# TRY IT
Copy all records exactly, excluding images.

Scraped caption text data:
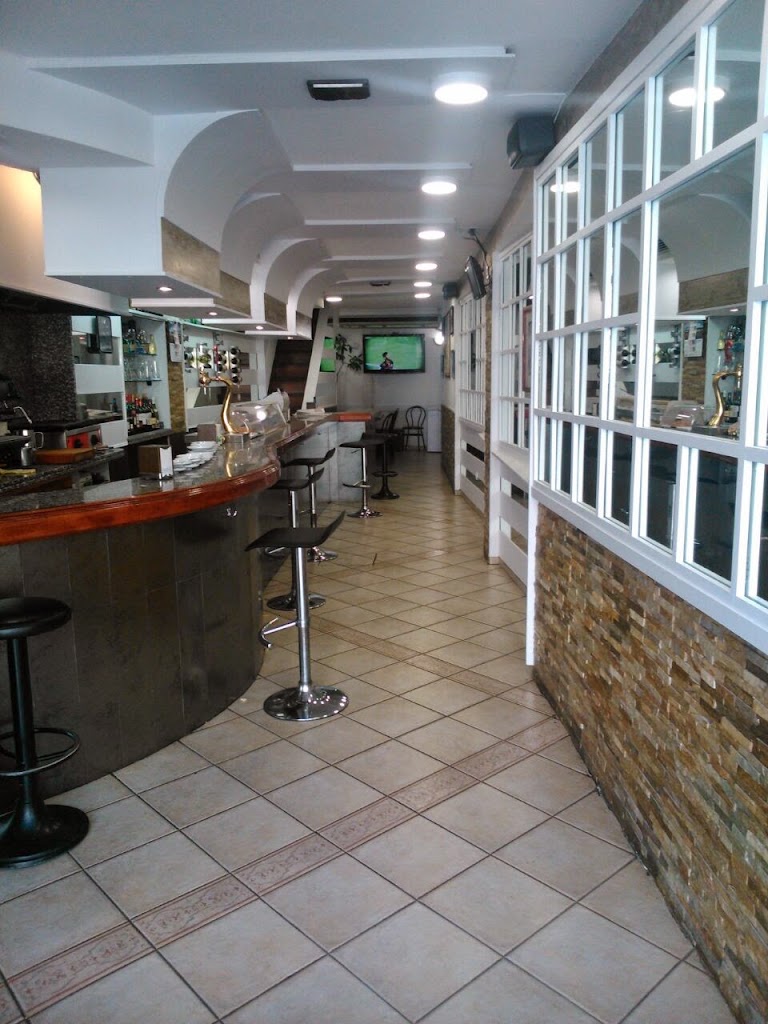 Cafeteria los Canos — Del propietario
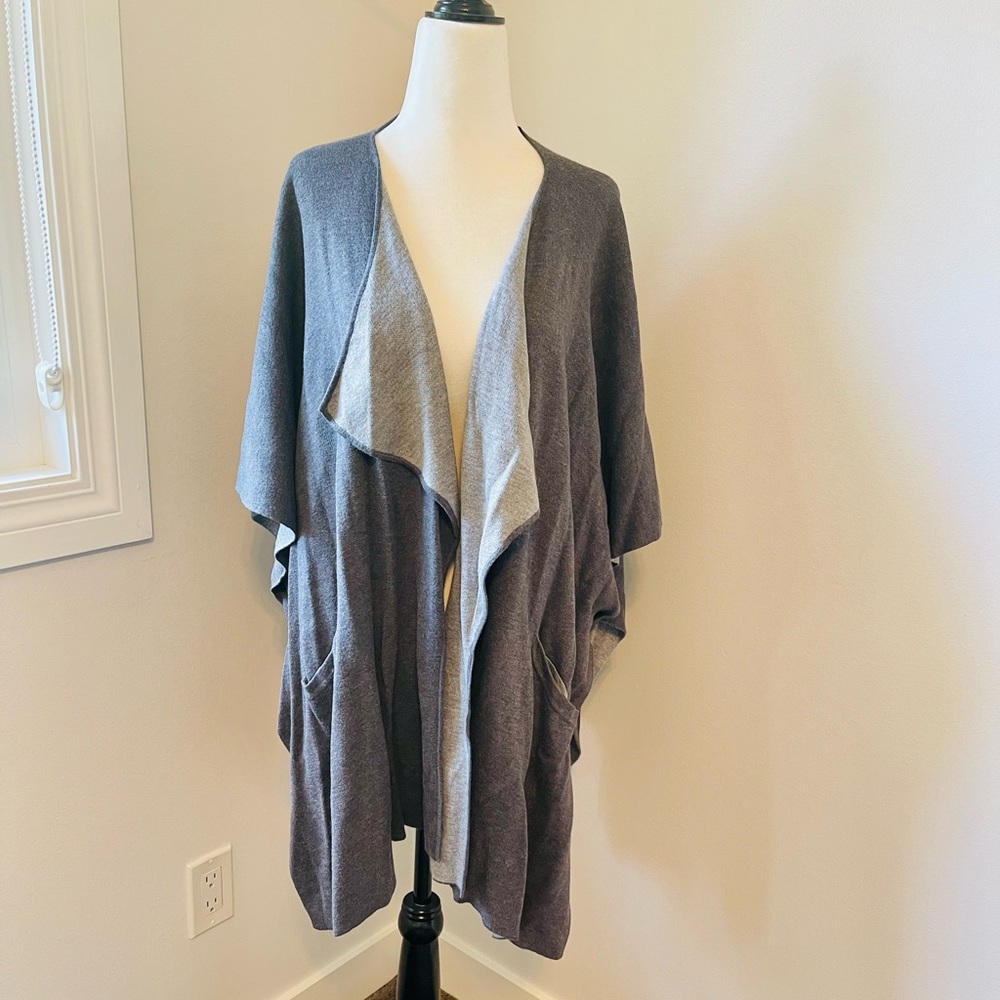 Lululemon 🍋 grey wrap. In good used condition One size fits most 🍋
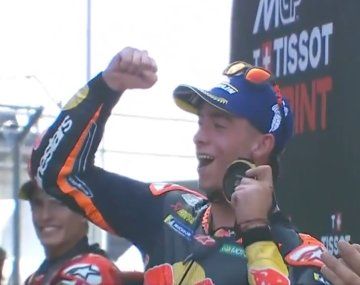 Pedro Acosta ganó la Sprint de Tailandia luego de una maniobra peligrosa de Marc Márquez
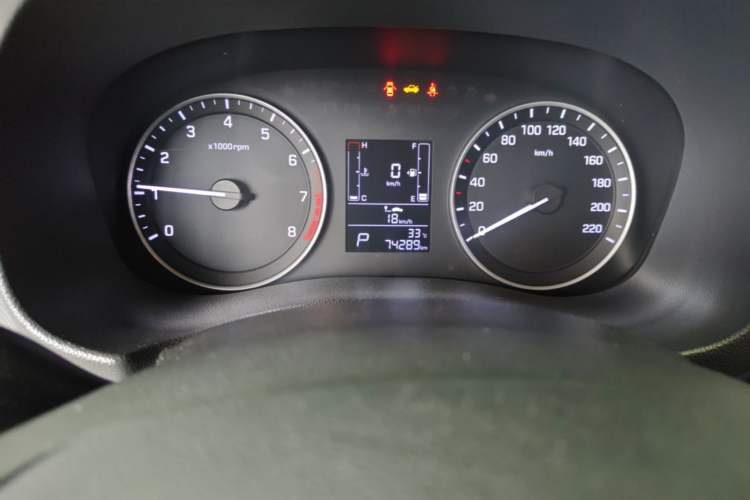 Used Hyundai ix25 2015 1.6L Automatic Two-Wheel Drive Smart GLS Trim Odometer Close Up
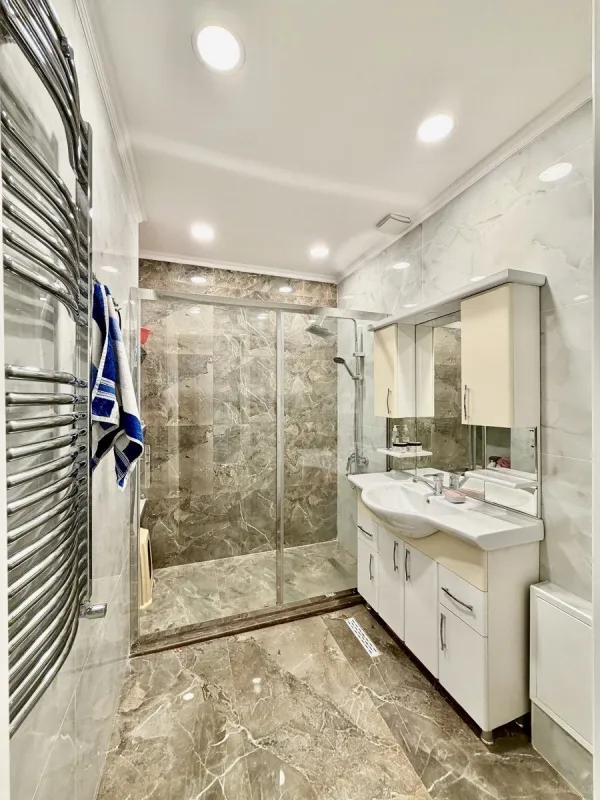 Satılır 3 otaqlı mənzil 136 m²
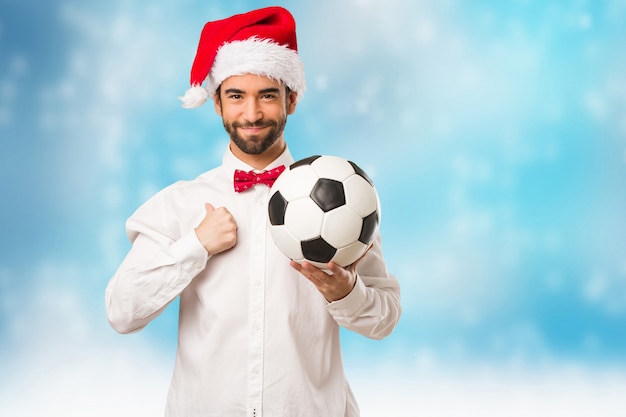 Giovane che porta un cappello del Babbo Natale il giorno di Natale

# REPLY
 Cafeteria los Canos — Del propietario
 Lululemon 🍋 grey wrap. In good used condition One size fits most 🍋
 Pedro Acosta ganó la Sprint de Tailandia luego de una maniobra peligrosa de Marc Márquez
 Used Hyundai ix25 2015 1.6L Automatic Two-Wheel Drive Smart GLS Trim Odometer Close Up
 Satılır 3 otaqlı mənzil 136 m²
 Giovane che porta un cappello del Babbo Natale il giorno di Natale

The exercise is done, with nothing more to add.